Fredi Washington, much like other young workers of her time, was multitalented. When you're put to work at the age of 16, it pays off to excel in dancing and acting.

Author:James Pierce
Reviewer:Emily Sanchez
Sep 05, 202032.1K Shares845K Views
Fredi Washington, much like other young workers of her time, was multitalented. When you're put to work at the age of 16, it pays off to excel in dancing and acting. Washington began her career in the 1920s before going on to a career in film, radio, and the stage in the 1930s and 1940s. Her talents didn't end there as she was also an activist throughout her career, organizing against racism in unions, theaters, television, and film.
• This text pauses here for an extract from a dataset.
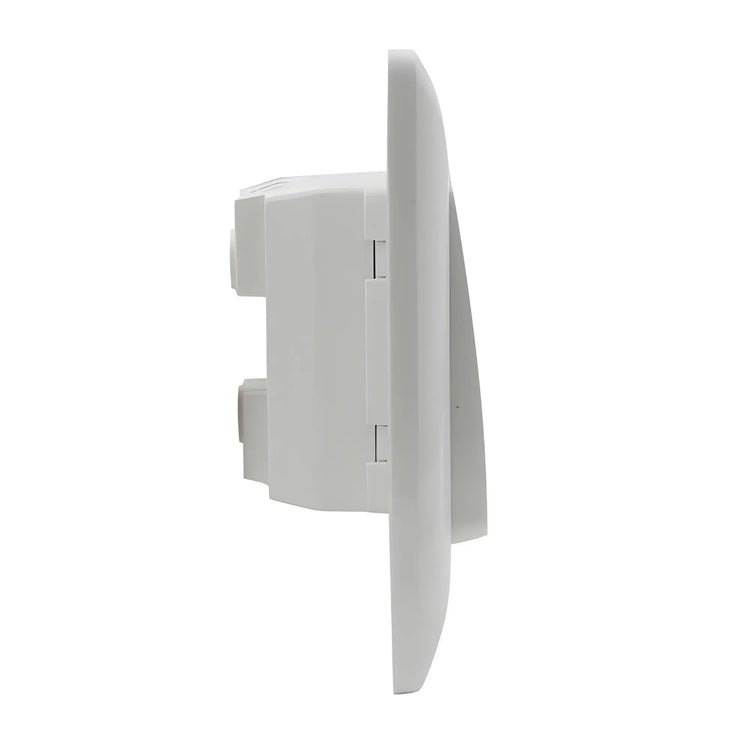 push to exit button side view - VIS-7030 Visionis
The Life Of Fredi Washington

Her Full Name Is:

In 1903, Frederika 'Fredi' Washington was born in Savannah, Georgia. Her family moved to Harlem during the Great Migration, which forced families to leave southern American states to escape the oppressive Jim Crow laws.

Early Life:

Fredi Washington was born to her father, Robert T. Washington, who was a postal worker and her mother, Harriet Walk Ward Washington, was a homemaker. She was one of five siblings.

She Was Sent To An Orphanage Which Believed In Equality:

Fredi Washington's mother died when she was eleven. When her father remarried in 1917, she and Isabel (her sister) were sent to St. Elizabeth's Convent for orphaned black and Indian children in Cornwell Heights, Pennsylvania.
Founded by Katharine Drexel (who also founded Xavier University in New Orleans), St. Elizabeth's was driven by a humanitarian commitment to address "systematic justice issues of inequality, racism, hatred, violence, greed and prejudice in Church and Society."
Fredi Washington later moved to New York to live with her grandmother and an aunt, where she attended Julia Richman High School before the depression forced her to drop out in order to support herself.

Career:

16 Year Old Worker:

In NY Fredi Washington worked as a stockroom clerk at a dress company and as a bookkeeper at the W.C. Handy Black Swan Record Company, where she heard about a dance audition for the musical Shuffle Along. Choreographer Alida Webb hired her on the spot.

Swinging 20's:

Preview Clip: Black and Tan (1929, Duke Ellington, Fredi Washington)
Fredi Washington's career in entertainment began in 1921 when she was cast in the chorus line in the Shuffle Along, the first Broadway musical created, produced, and performed entirely by African Americans.
Then she worked as a dancer at Club Alabam, a club in midtown Manhattan that catered to mostly white and wealthy audiences. While dancing at Club Alabam, Washington gained the attention of Lee Schubert, who insisted she audition for the play Black Boy. Washington was cast as the female lead in Black Boy, playing opposite Paul Robeson. The play opened in 1926 at the Comedy Theatre on Broadway and critics praised her performance.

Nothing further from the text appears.